Tradition of the Colonel’s Daughter

This year’s Colonel’s Daughter competition will be held at 1:30 p.m. Sept. 24 at the Fort Verde Parade Grounds. (Photo by Bill Helm)

This year’s Colonel’s Daughter competition will be held at 1:30 p.m. Sept. 24 at the Fort Verde Parade Grounds. (Photo by Bill Helm)

The tradition of the Colonel’s Daughter began in 1960.

Past Colonel’s Daughters

1960 - Wanda Jo Fuller Dickens

1961 - Trudy White Etcheverry

1962 - Connie Mulholland

1963 - Frances Murdock Reedy

1964 - Linda Kilby Ferdon

1965 - Kathy Davis Nemeth

1966 - Irene McDonald Rezzonico

1967 - Gwena Reid Roberts

1968 - Dorothy Isabell Hrenchin

1969 - Rita Ralston Courtney

1970 - Connie McDonald Gray

1971 - Ramona Reeves Reddell

1972 - Kathleen Wood

1973 - Roxy New Blakeley

1974 - Brenda Tatum Lane

1975 - Michelle Mackelprang

1976 - Dawn Bullard Messick

1977 - Peggy Scott DeDeau

1978 - Charlotte Pendergrass Robinson

1979 - Diane Basham Moody

1980 - Terri McCraley Nopp

1981 - Kathy Hammond

1982 - Lori Stout Jameson

1983 - Lara Dickinson Carroll

1984 - Kim Ferguson

1985 - Lisa Domoracki

1986 - Jennifer Reay Ward

1987 - Holly Barger

1988 - Jo Jo Cathcart

1989 - Cheryl Eichhorn

1990 - Kim Mulcaire

1991 - Amanda Harvey

1992 - Jennifer Lockhart

1993 - Sara Dunivin

1994 - Melissa Murdock

1995 - Kristy Parker

1996 - April Strand

1997 - Kijla Hough

1998 - Holli Brown

1999 - Dani Moore

2000 - Brandi Ford

2001 - Courtney Currier

2002 - Nicole Jameson

2003 - Jenna Scott

2004 - Rita Sanders

2005 - Brittany MacDonald

2006 - Lera Petska

2007 - Christine Dunn

2008 - Taylor Skaggs

2009 - Sami Drake

2010 - Ashley Roth

2011 - Michelle Moscardini

2012 - Sharli Macdonald

2013 - Shelby Boler

2014 - Rylee Smith

2015 - Laramie Mahan

2016 - Alana Neary

The young lady chosen to wear this title is selected at a competition held on the parade ground at Fort Verde State Park the last Sunday of September.

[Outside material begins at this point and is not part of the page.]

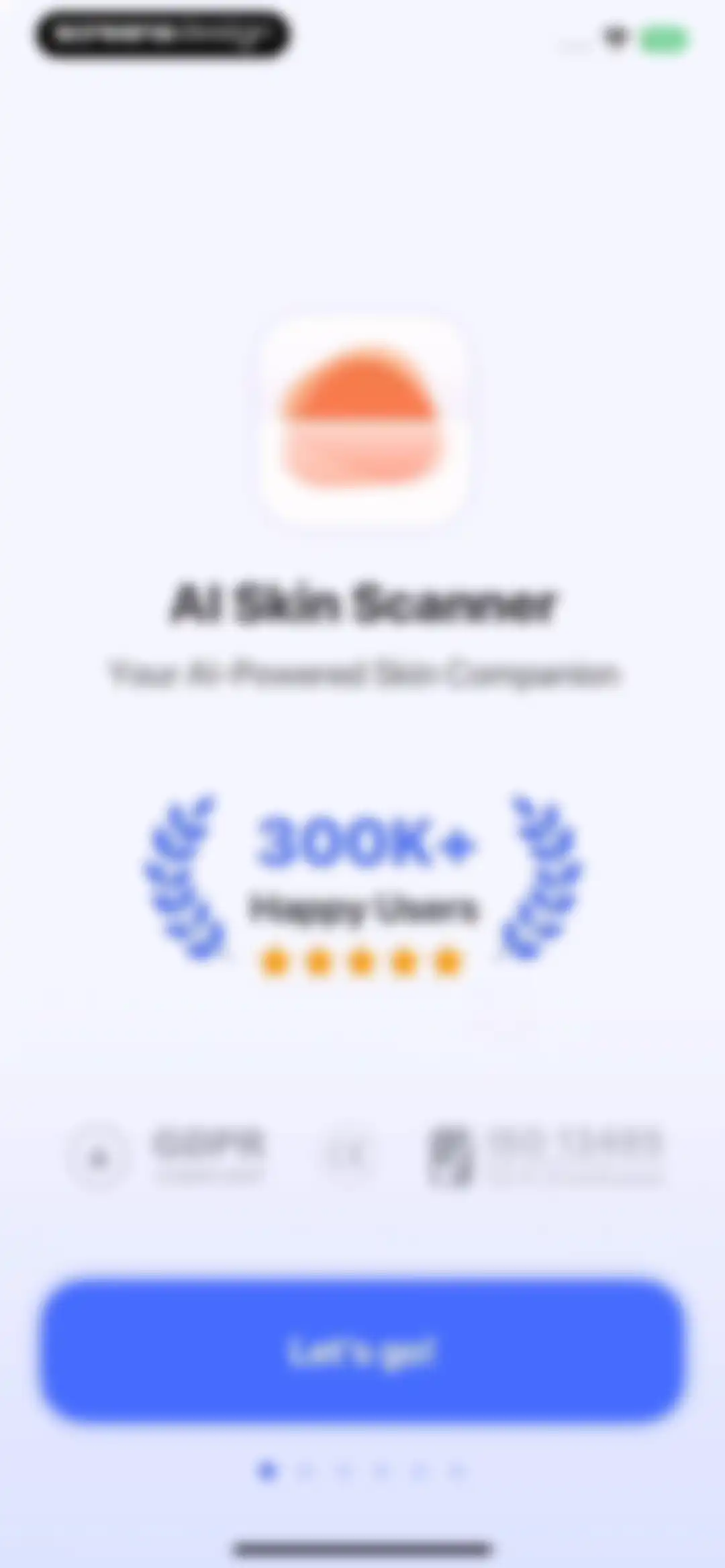 AI Skin Scanner - SkinGuru screen 3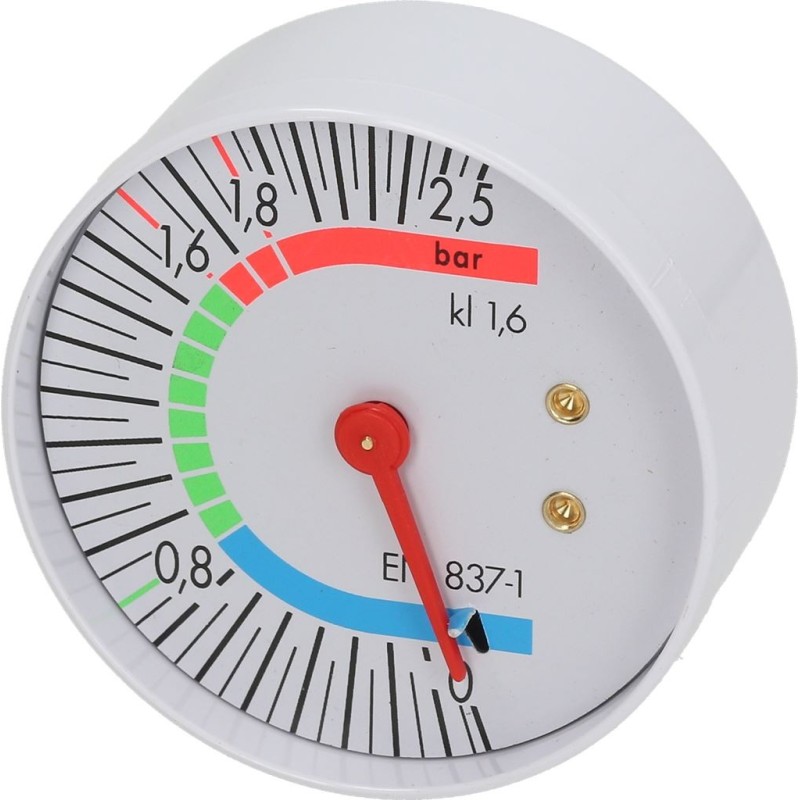 Cimbali manometer bojlera 57 mm 025 bar Cimbali manometer bojlera 57 mm 025 bar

The competition is judged 50 percent on horsemanship and 50 percent poise and personality. The horsemanship is judged on the girls’ ability to sit her horse well and give a well-balanced, graceful effortless appearance and have her horse under control at all times. No stallions are allowed.

Three out-of-town judges oversee the contest. There is no charge to the public and all are encouraged to attend the competition and root for their favorite young lady.

All other towns have their rodeo queen, but Camp Verde has its Colonel’s Daughter.

The title of Colonel’s Daughter comes to us from a novel written in 1882 by retired Capt. Charles E. King. King arrived at Camp Verde in May 1874 to join the 5th Cavalry. He was wounded in November of that same year in a skirmish with hostiles at Sunset Pass. He never fully recovered from the damage to his right arm, although he continued to serve in the army until 1897, when he was given a medical discharge.

As with many novels of that day, “The Colonel’s Daughter” had a sub-title: “Winning His Spurs.” From this secondary title, Camp Verde’s Colonel’s Daughters each year receive a special gift of spurs from the Camp Verde Cavalry. The young lady that wins the title also receives several nice gifts from town merchants. As one past Colonel’s Daughter said, “Trying out for the Colonel’s Daughter gave me poise, self-esteem and more confidence.”

The Colonel’s Daughter is presented each year during Fort Verde Days. She leads the parade escorted by the Camp Verde Cavalry and later in the day shows off her riding skills.